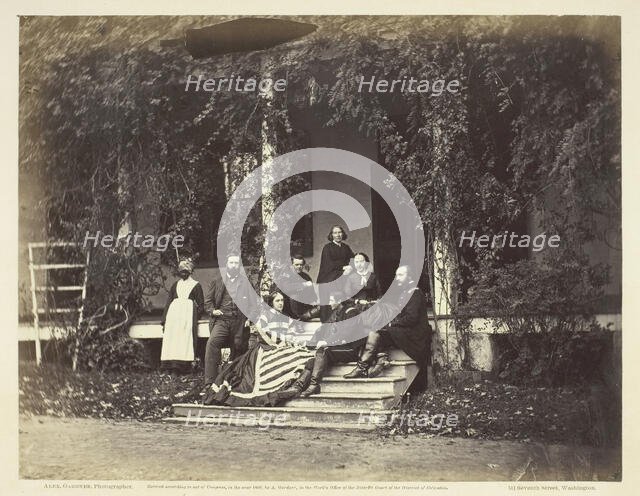 Scene in Pleasant Valley, Maryland, October 1862. Creator: Alexander Gardner.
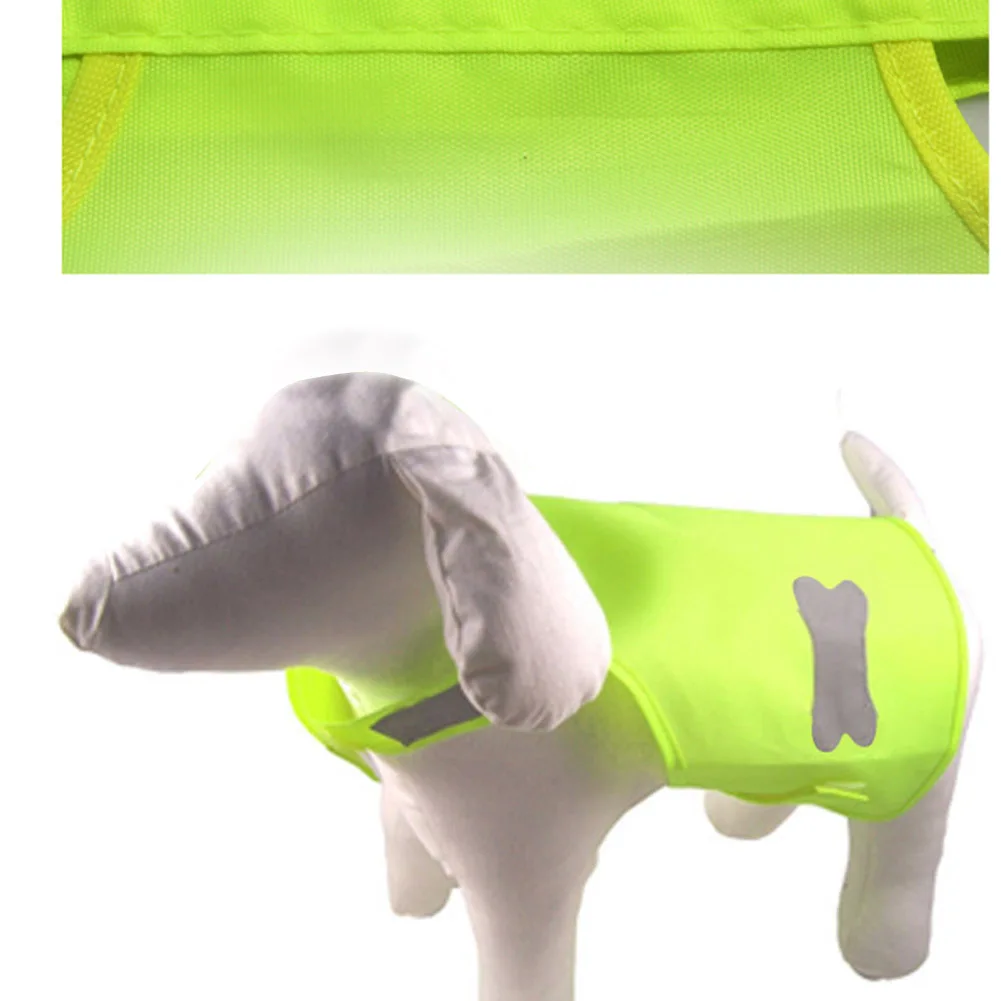 Dog Reflective Vest Adjustable Fluorescence Safety Reflective Glow Strips Pet Nocturnal safety protection Brand Dog Clothes BS
Dog Reflective Vest Adjustable Fluorescence Safety Reflective Glow Strips Pet Nocturnal safety protection Brand Dog Clothes BS
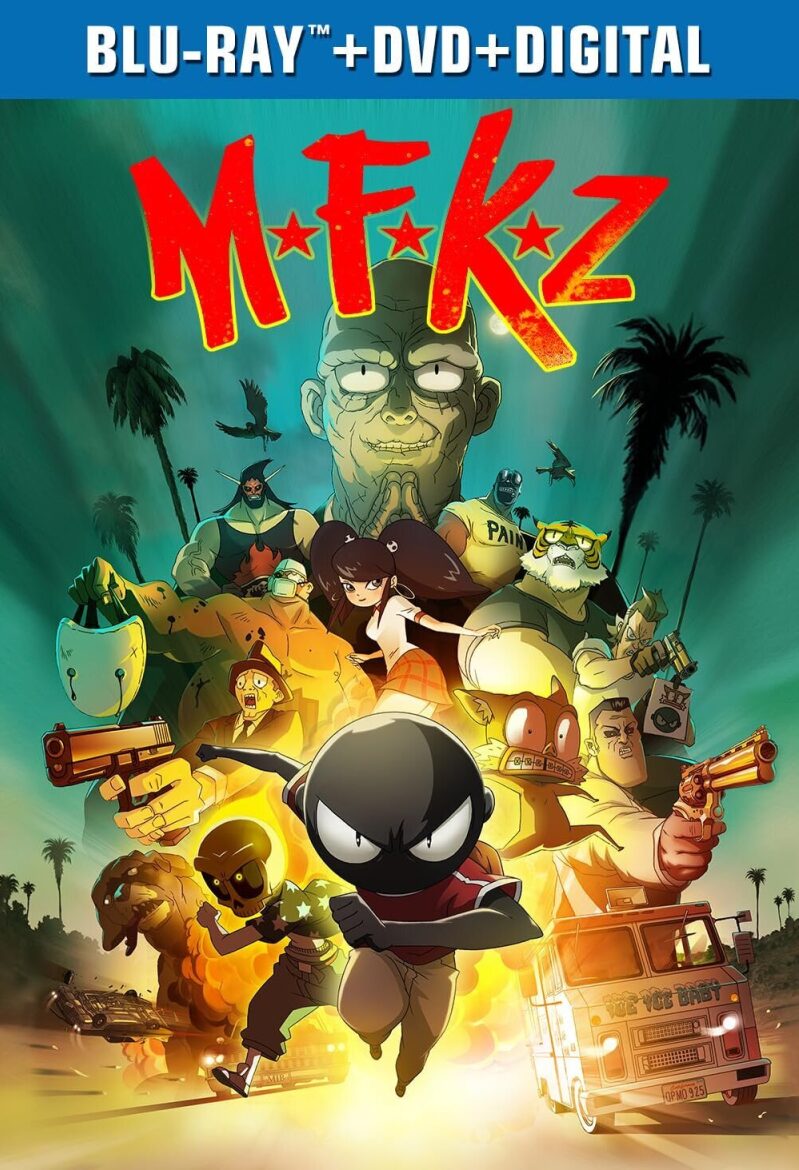 MFKZ Blu-ray + DVD Collection - Must-Have Animation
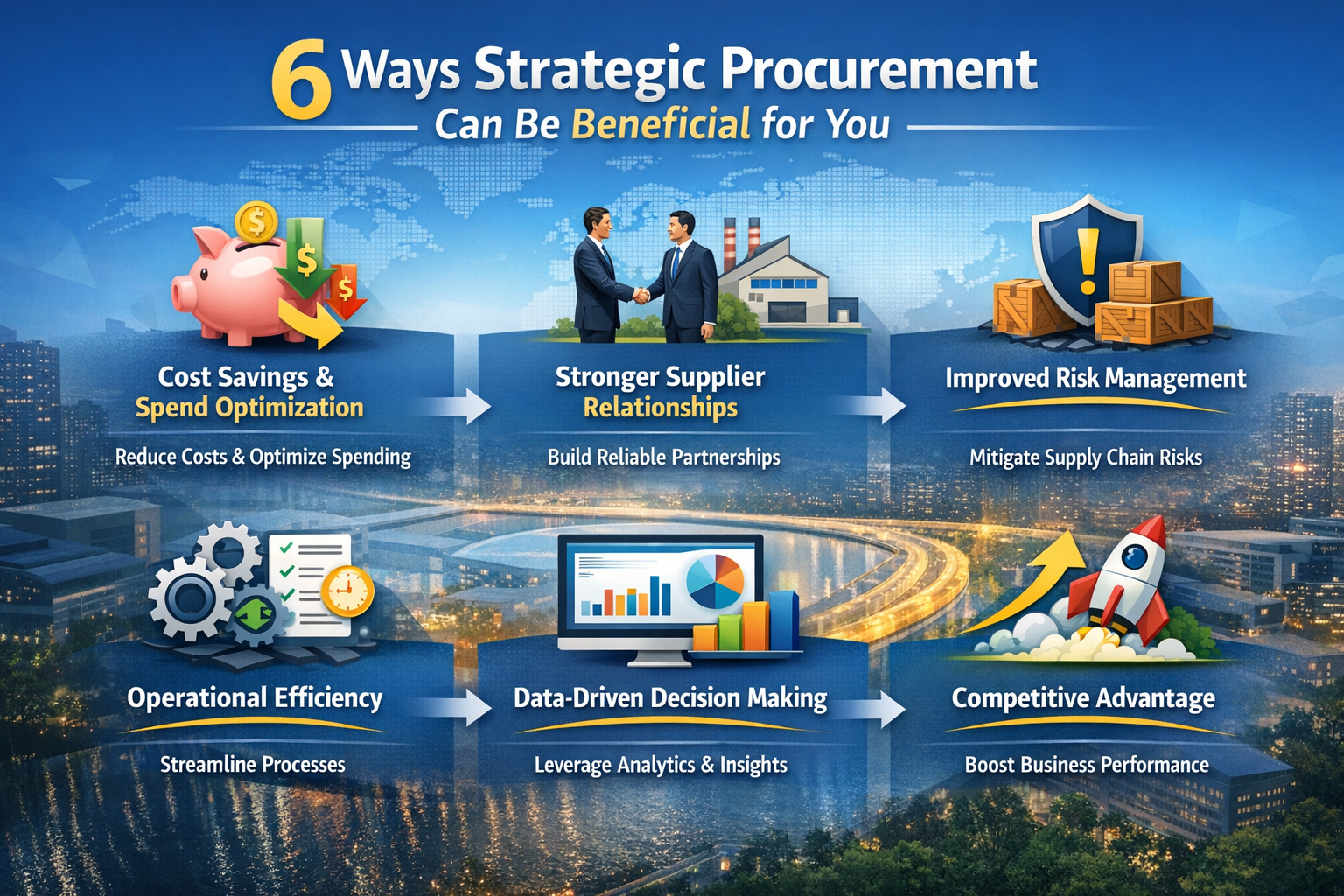 6 Ways Strategic Procurement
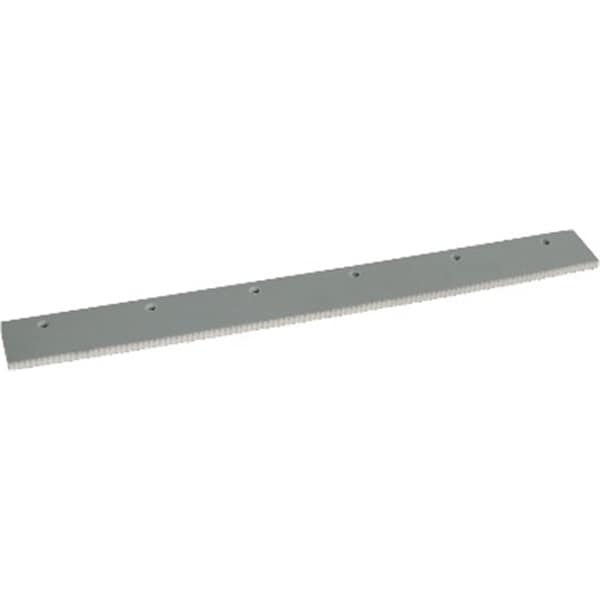 Marshalltown QLT Notched Squeegee, 18 in Replacement Blade, 1/8 in V-Notch 16838RB - main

## WHAT YOU NEED TO DO
Could you copy exactly, and with no pictures, the lines above from the one containing "MFKZ Blu-ray +" through the last line, both included?

## SOLUTION TO THE PROBLEM
 MFKZ Blu-ray + DVD Collection - Must-Have Animation
 6 Ways Strategic Procurement
 Marshalltown QLT Notched Squeegee, 18 in Replacement Blade, 1/8 in V-Notch 16838RB - main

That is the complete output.